- [TASK DESCRIPTION] The data below should be copied out exactly, with its pictures omitted.

- [SOURCE MATERIAL]
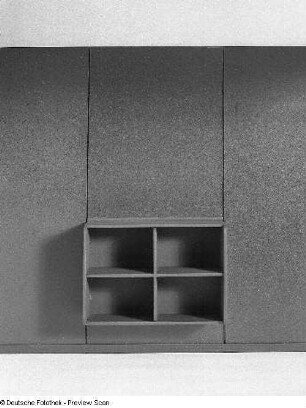 Schrankteil (1980; Bräunig, Hochschule für Kunst und Design Halle (Burg Giebichenstein))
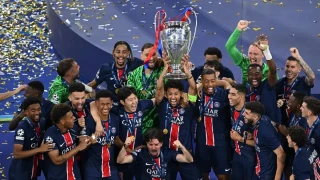 Galatasaray'a milyar Euro�luk rakipler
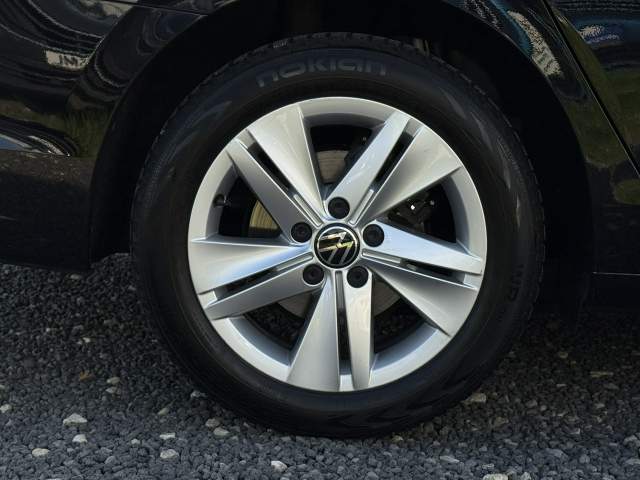 Volkswagen Golf VIII 2021 — zdjęcie 11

- [EXPECTED ANSWER]
 Schrankteil (1980; Bräunig, Hochschule für Kunst und Design Halle (Burg Giebichenstein))
 Galatasaray'a milyar Euro�luk rakipler
 Volkswagen Golf VIII 2021 — zdjęcie 11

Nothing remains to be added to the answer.